What is needed —
The reply should hold only the lines from the one with "Renault Zoe Konepellin saranat" to the one with "Study of a Nilgai", both ends kept, exactly as they appear below, without any pictures.

Given records Start Marker

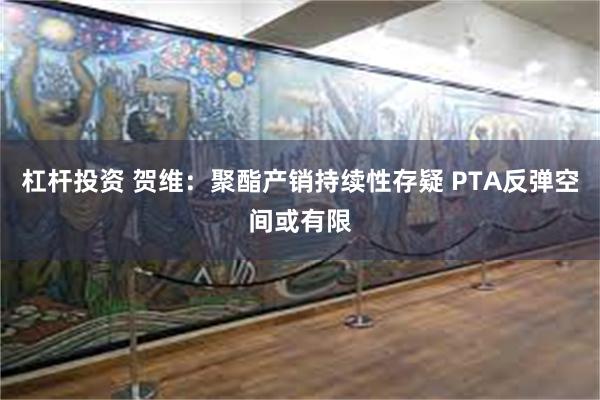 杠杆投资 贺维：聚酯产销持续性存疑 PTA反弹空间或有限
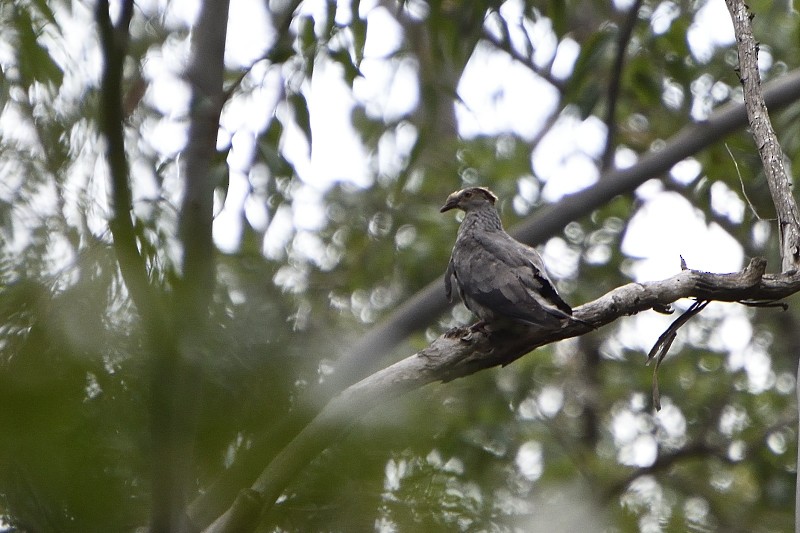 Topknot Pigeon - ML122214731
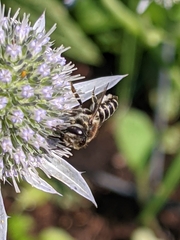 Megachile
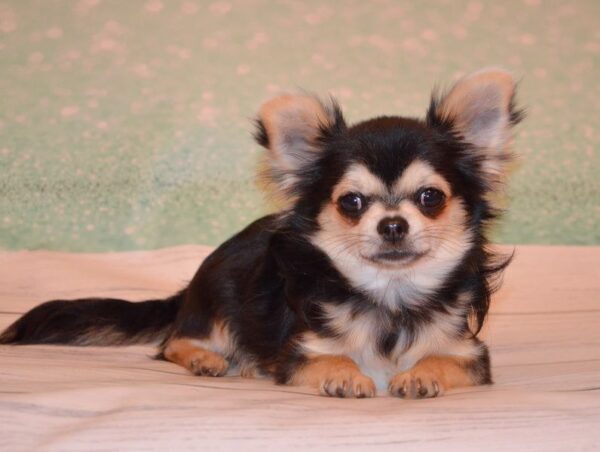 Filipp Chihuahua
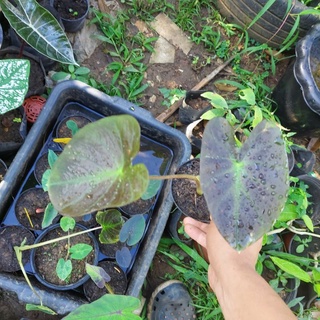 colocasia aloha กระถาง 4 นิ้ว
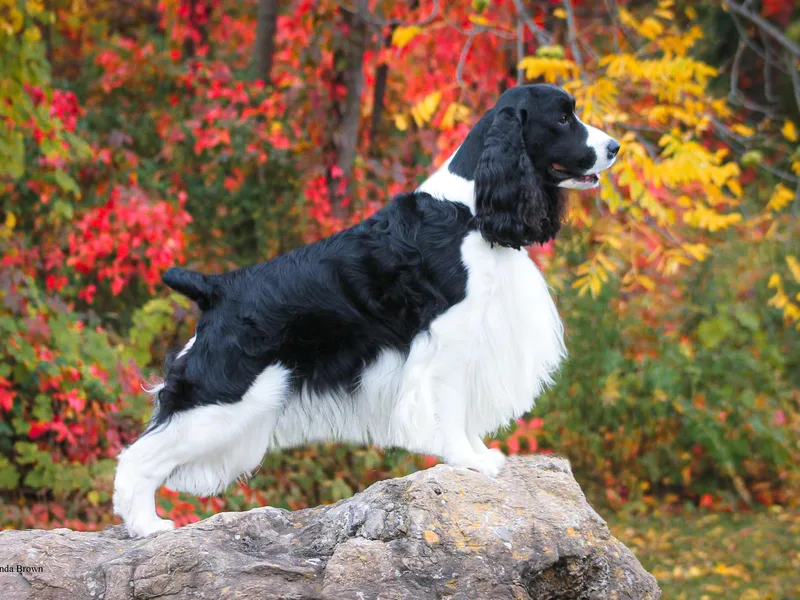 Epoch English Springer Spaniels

Given records End Marker
Given records Start Marker

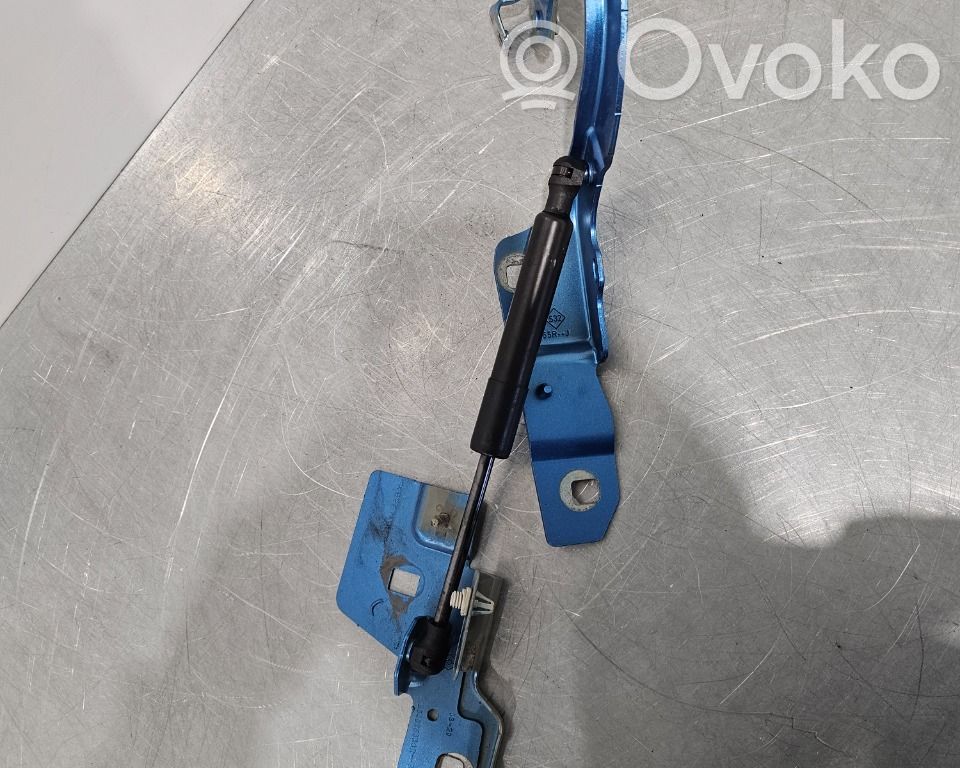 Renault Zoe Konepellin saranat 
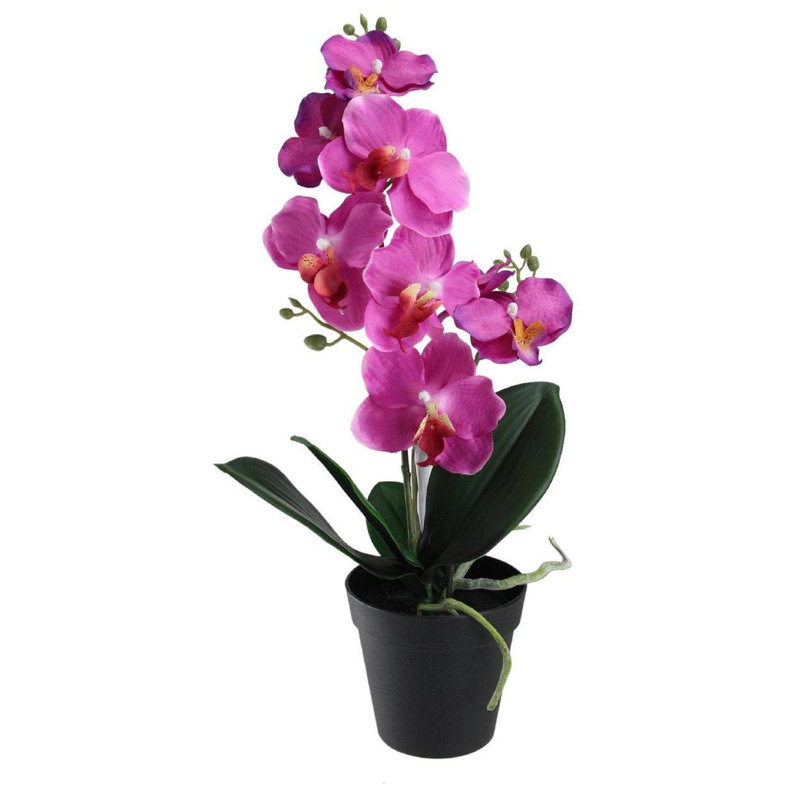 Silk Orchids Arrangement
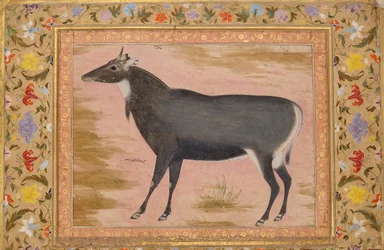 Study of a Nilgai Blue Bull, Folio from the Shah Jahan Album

Given records End Marker

Response to this exercise —
 Renault Zoe Konepellin saranat 
 Silk Orchids Arrangement
 Study of a Nilgai Blue Bull, Folio from the Shah Jahan Album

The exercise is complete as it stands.